Our History

The roots of the First Pentecostal Church lie in a humble beginning in the late 1930s. As the years of the Great Depression dragged by, a small group of Pentecostal-believing families from different walks of life began assembling in an old store-front building at 501 East Washington Street in North Little Rock, Arkansas. The group later moved to another store-front building and then, after a tent revival where many were saved, they purchased an old two-story house at Second and Buckeye in North Little Rock.

The late Bishop A.O. and Sister Agnes Holmes began pastoring the church in May of 1946. Brother and Sister Holmes preached the message of repentance, baptism by immersion in Jesus’ Name, and the infilling of the Holy Ghost. Bishop Holmes baptized many people in Lake #7 in Lakewood. In 1949, a rock-front building was built at Second and Buckeye, and a concrete block building was added in the mid 1950s to accommodate Buckeye Christian School. During the 50s and 60s, the church sponsored the a children’s home and nursing home. Using the airwaves to reach the city, FPC produced a weekly radio broadcast on KGHI station.

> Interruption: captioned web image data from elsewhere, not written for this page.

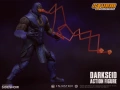 DC Вселената на злодейте нови и запечатани шедьоври от Storm collectibles !, снимка 12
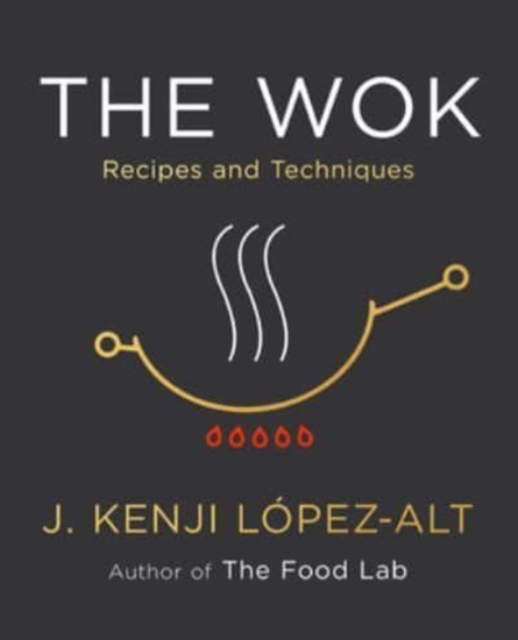 Obrázok The Wok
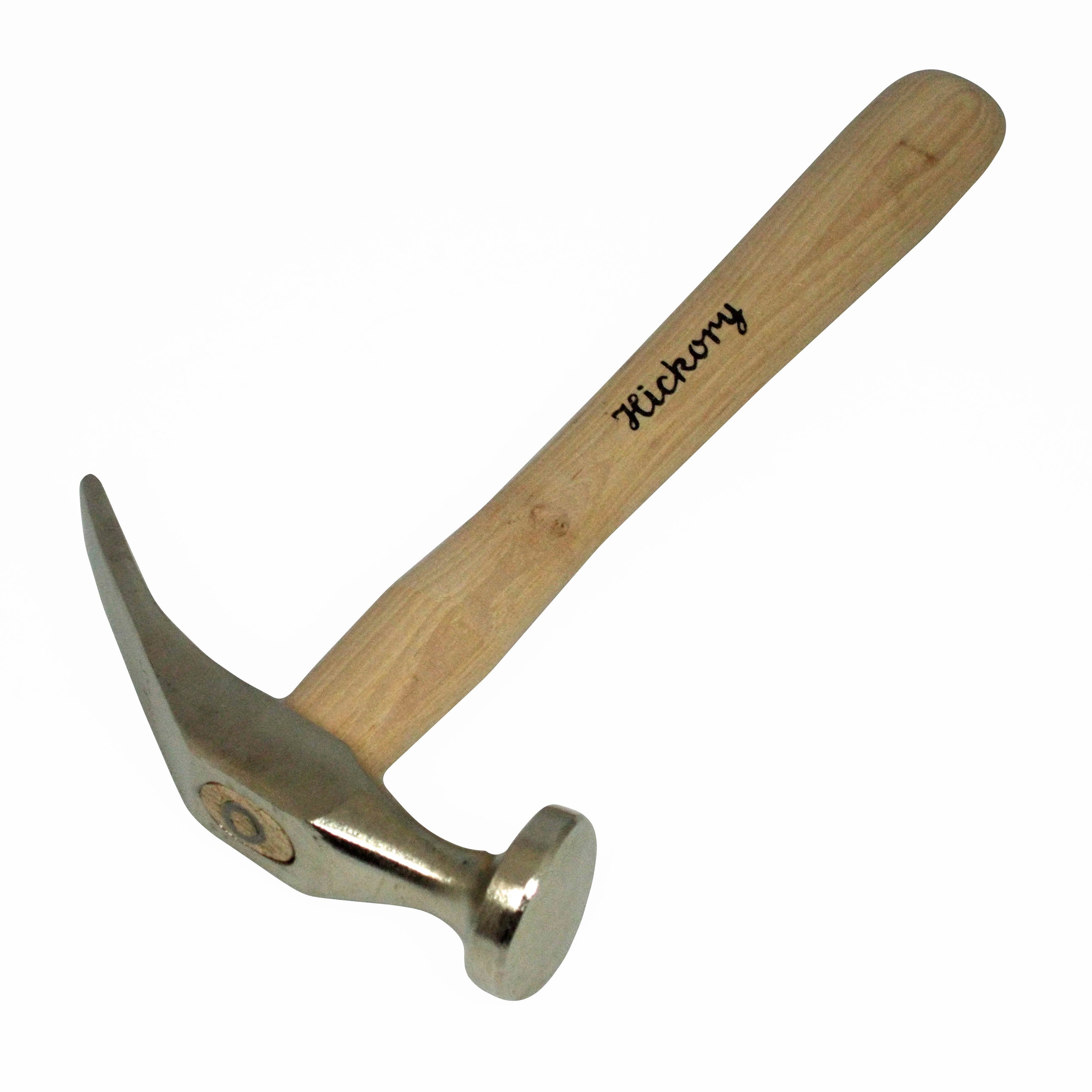 高級靴修理用ドイツハンマー 1個 荒川産業 【通販モノタロウ】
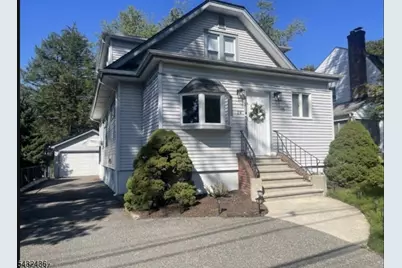 19 Linda Vista Ave #2, North Haledon, NJ 07508 - Photo 1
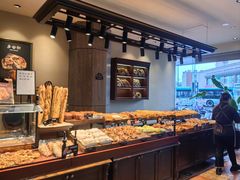 -红跑车(仙鹤街店)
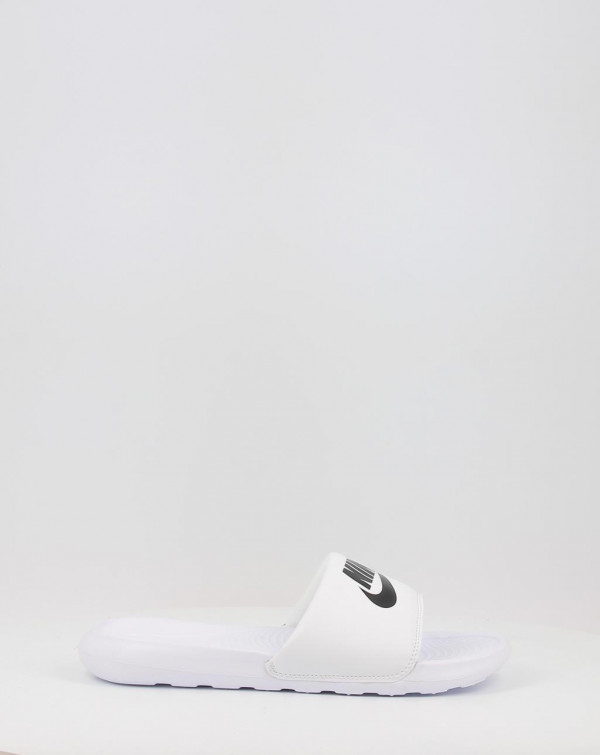 Tong Nike VICTORI ONE CN9675 Blanc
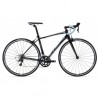 Modelo 015167 BICICLETA RUTA GIANT AVAIL 3 2015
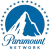 Paramount Network logo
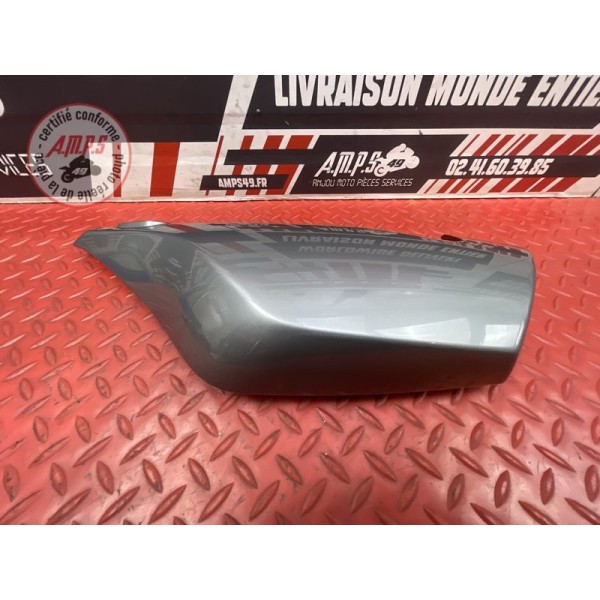 Coque arrière gauche BMW K1200 S 2005 à 2008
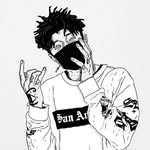 dope sleek 🖕✌️😎😋 - @wayne.jinx - Instagram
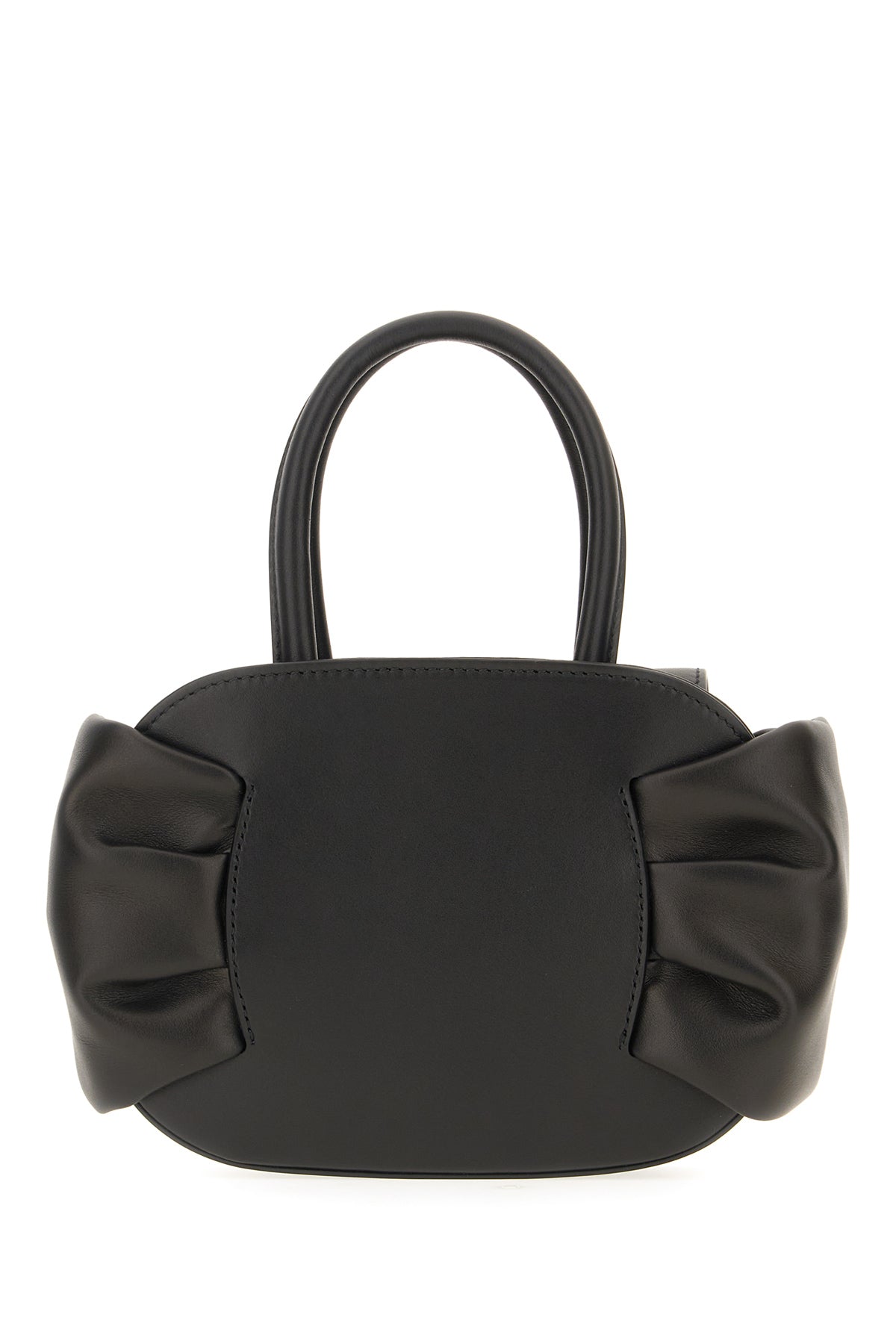 Ferragamo Woman Bags Handbags FERRAGAMO
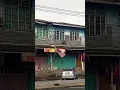 Download Lagu The old house has an old window AC unit. #shorts #airconditioner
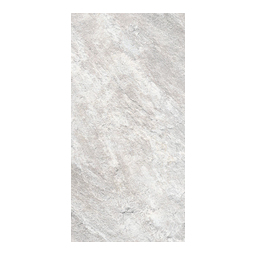 Керамический гранит Кварцит 7 серый ТОНКИЙ 30х60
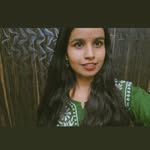 Swati Mukherjee - @8090swati_mukherjee - Instagram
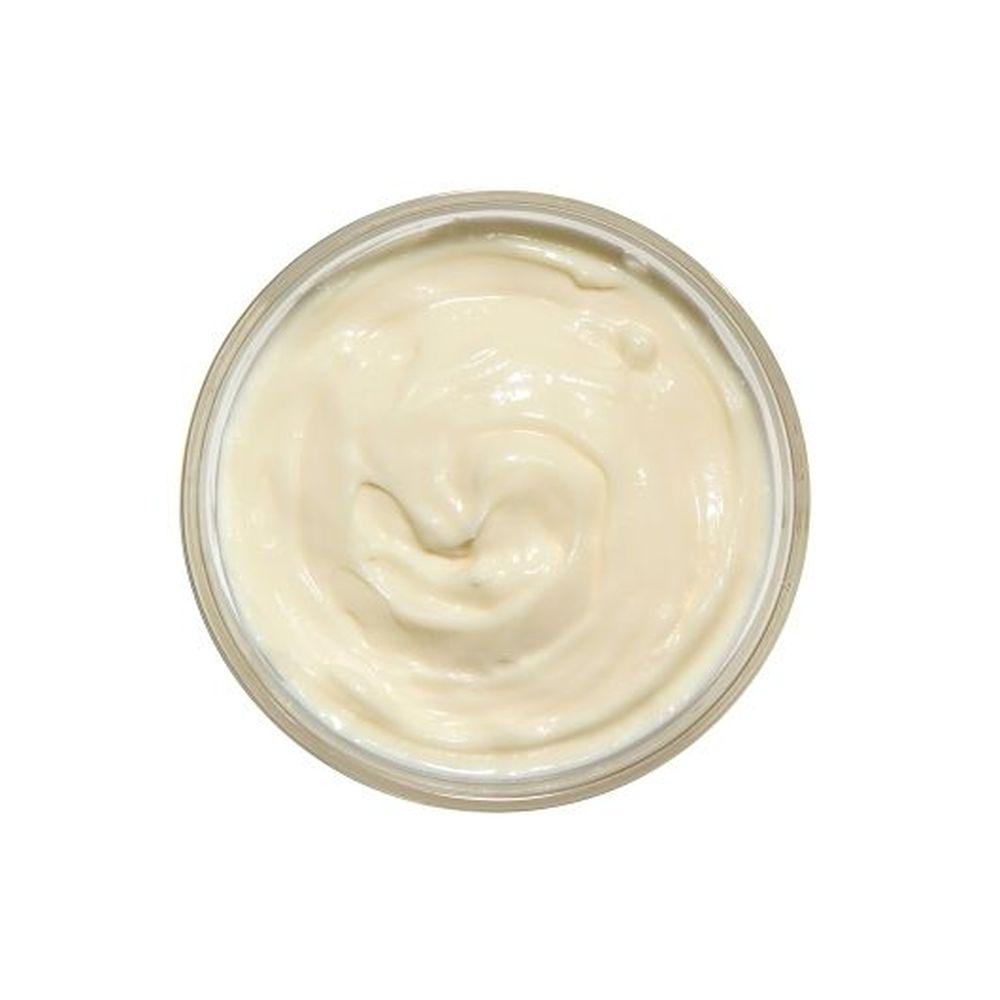 Product gallery 57160435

In 1969, at the age of 59, Rev. A.O. Holmes had a debilitating stroke. His nineteen year old son, Rev. Joel Holmes, assumed the pastorate. A few years later, Rev. Joel Holmes married Janet Burr from Port Arthur, TX. Together, they provided leadership for the church from 1971–2014. When the church at Second and Buckeye was destroyed by fire in 1970, a new facility was built at #1, 52nd Place, North Little Rock. Throughout the twenty-two years in which the church met at this location, it experienced continued growth.

As the building in Park Hill filled to capacity, the congregation began raising funds to purchase property on which to build a new sanctuary. It was at this time that Sister Agnes Holmes saw a vision of a large footing. She described it as the largest footing she had ever seen. The opportunity arose in 1988 to purchase ten acres on Interstate 40. In 1989, we began having morning prayer at the church. Within three years a new sanctuary was built on Interstate 40. On November 22, 1992, First Pentecostal Church moved into its new facility at 1401 Calvary Road. During the 1990s, FPC experienced tremendous growth while staying true to the Acts 2:38 message.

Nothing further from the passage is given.